Saturday 24 October 2009

pears in red wine

This is October work, when the pear tree is over-productive. The worse the pears, the better, as the temptation simply to eat them is less.

In our case the pears are ideal - tasteless, small conferences with a nasty, hard skin, suitable only for squirrels, the bin - or PIRW (the abbreviation under which Government Regulation No 80 million lays down that they must be safely peeled, boiled, registered and packed in sealed containers, approved by the Department of Interfering, Ignorant Busybodies, DIIB).

1. Peel 12 fairly hard pears - leaving on the stalks, which are essential to enable eaters to chew off the last bits.

2. Place in saucepan and pour on one bottle of cheap red. (A certain person says "Less wine, more water, as the sauce is too strong." That person's opinion should - on this matter only - be ignored.
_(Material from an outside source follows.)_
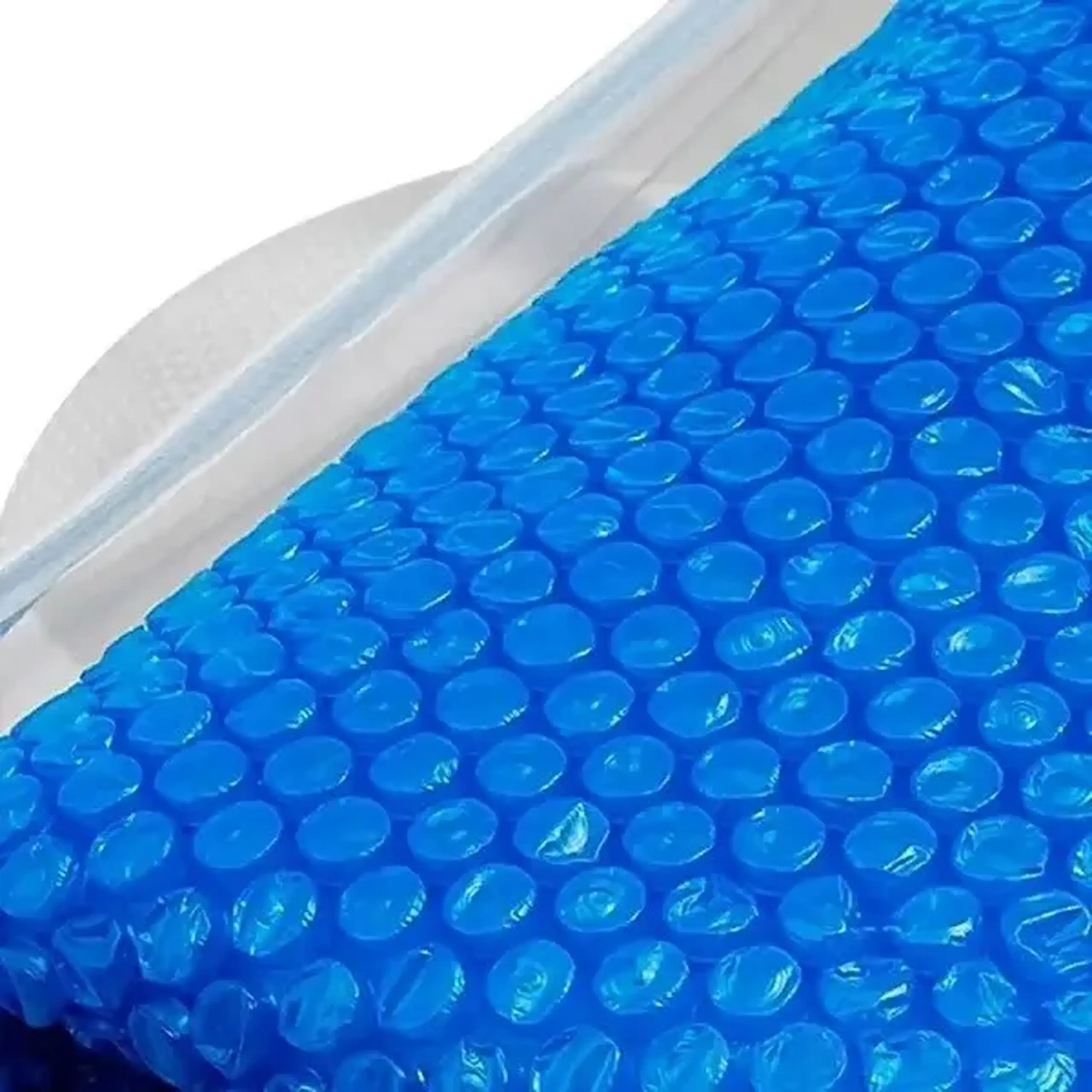 INTEX Husă solară 378х186 cm pentru piscine dreptunghiulare 400x200 cm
Wine a-plenty compensates for lousy pears).

3. Add sugar to taste - one tablespoon or so per four pears.

4. Add flavouring. I use lemon juice plus anything that's in the cupboard/fridge and seems appropriate, e.g. almond essence or fresh mint, whatever takes your fancy.

5. Boil slowly. The hardness of the pears when you start determines how long they need to boil. The essential requirement are...
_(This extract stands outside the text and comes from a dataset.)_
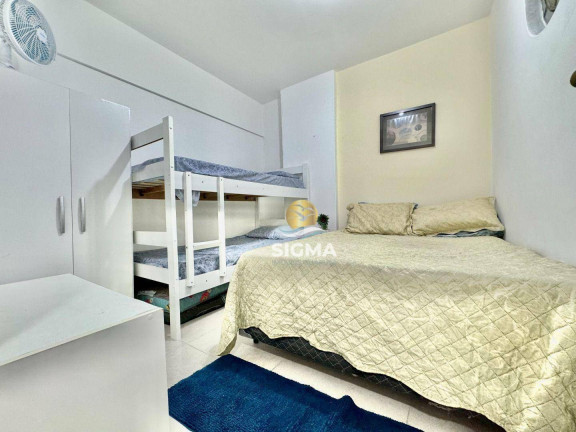 Imagem Apartamento com 2 Quartos à Venda, 54 m² em Pitangueiras - Guarujá Imagem Apartamento com 2 Quartos à Venda, 54 m² em Pitangueiras - Guarujá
6. ....(a) they must cook long enough for the wine colour to have got into the pears and...

7. ....(b) they must not begin to disintegrate. So

8. After they have boiled for a few minutes, test several pears with a fork. If the fork goes into them (and the wine colour is established), turn off the heat and let them stand.

9. Put pears, covered in wine juice, in plastic containers and place in deep freeze.

10. Do another dozen, and another, and another.....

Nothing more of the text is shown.